Ramón Loureiro Calvo
Ramón Loureiro CAFÉ SOLO

FERROL

05 may 2017 . Actualizado a las 23:43 h.

La última vez que Carlos Casares vio con vida a Gonzalo Torrente Ballester, que regresaba a Salamanca tras haber pasado sus últimas vacaciones de verano en A Ramallosa, el escritor ferrolano, inusualmente conmovido, le dijo: «Dame un bico, rapaz». Y marchó. Su vida se estaba acabando, y él sin duda lo sabía. Falleció pocos meses después, y su muerte fue, para Casares, un golpe terrible. Lo fue, por supuesto, para todos cuantos queríamos al autor de Los gozos y las sombras -yo, si me permiten un comentario personal, no olvidaré nunca la llamada que recibí, muy de mañana, de Ponte Far, el mejor biógrafo de Torrente y otro de sus verdaderos amigos, que me comunicó la noticia, profundamente emocionado también, cuando creo que ni siquiera había amanecido-; pero el afecto que unía a Casares y a don Gonzalo, la amistad entre dos extraordinarios escritores gallegos, se había convertido en un auténtico lazo de familia.
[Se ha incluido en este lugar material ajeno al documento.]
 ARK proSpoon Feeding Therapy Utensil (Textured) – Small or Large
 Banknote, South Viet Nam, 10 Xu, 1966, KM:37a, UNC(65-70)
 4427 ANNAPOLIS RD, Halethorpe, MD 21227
En mi opinión, aún no se ha reflexionado bastante sobre ese vínculo. Y no me refiero, por supuesto, al anecdotario surgido de esa amistad (a la que el propio Carlos le dedicó algunas de sus mejores páginas), sino a lo que, desde mi punto de vista particular, es lo más sustantivo: a cómo fue Casares quien hizo posible que el autor de Dafne y ensueños se reencontrase, en los últimos años de su vida, con la esencia -permítanme poñer «coa cerna»- de una Galicia de la que él ya había escrito antes como solo Valle y Cunqueiro habían sabido hacerlo, pero en la que no siempre se sintió querido. Casares, por cierto, soñaba con que Torrente recibiese el Premio Nobel. Siempre lo quiso para don Gonzalo. Carlos nunca quería nada para sí mismo.